Hello World,
I am relatively new with Julia. I wrote an optimization model (MIP) that I
need to run many, many time for sensitivity analysis. I am working on a
cluster that uses SLURM. I wrote my model as a Julia Module.
Basically, the process that I want to do is to have a file with all the
different cases; and using a "for-loop" I want each case to be solved by a
different node (all cores in the node solving the same MIP case).
I have tried two different ways: (1) using the machinefile option of Julia
(see .sh file code below).
#!/bin/bash
#SBATCH --uid=nsep
#SBATCH --job-name="juliaTest"
#SBATCH --partition=newnodes
#SBATCH --output="juliaTest.%j.%N.out"
#SBATCH --error="juliaTest.%j.%N.err"
#SBATCH --time=1:0:0
#SBATCH -N 3
##SBATCH -n 20
#SBATCH --export=ALL
export SLURM_NODEFILE=`generate_pbs_nodefile`
. /etc/profile.d/modules.sh
module add engaging/julia/0.4.3
module add engaging/gurobi/6.5.1
julia --machinefile $SLURM_NODEFILE ~/Cases.jl
Using this method I get an error when loading MyModule (the model)
@everywhere push!(LOAD_PATH, "/home/nsep/Test")
@everywhere using MyModule
@everywhere using DataFrames
@everywhere inpath="/home/nsep/Test/Input"
@everywhere outpath="/home/nsep/Test/Results"
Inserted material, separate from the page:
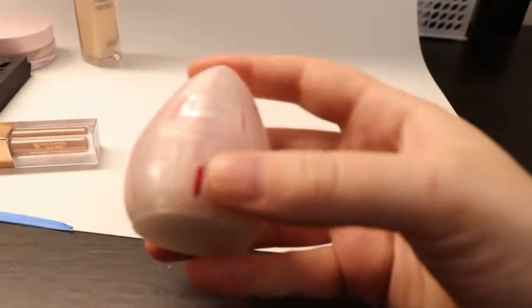Also, I didn't find a way to work this in, but I 3D printed a case for my beauty blender — I thought that was really funny.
mysetup=Dict() # config. options for MyModule
@everywhere mysetup
casepath="/home/nsep/Test"
@everywhere cases_in_data = readtable("$casepath/Cases_Control.csv",
header=true)
@parallel for c in 1:size(cases_in_data,1)
#loading general inputs
myinputs = Load_inputs(mysetup,inpath)
#creating output directory
mkdir("$outpath/Case$c")
case_outpath="$outpath/Case$c"
#case-specific inputs
myinputs["pMaxCO2"][1]=cases_in_data[:Emissions][c]
myresults = solve_model(mysetup,myinputs)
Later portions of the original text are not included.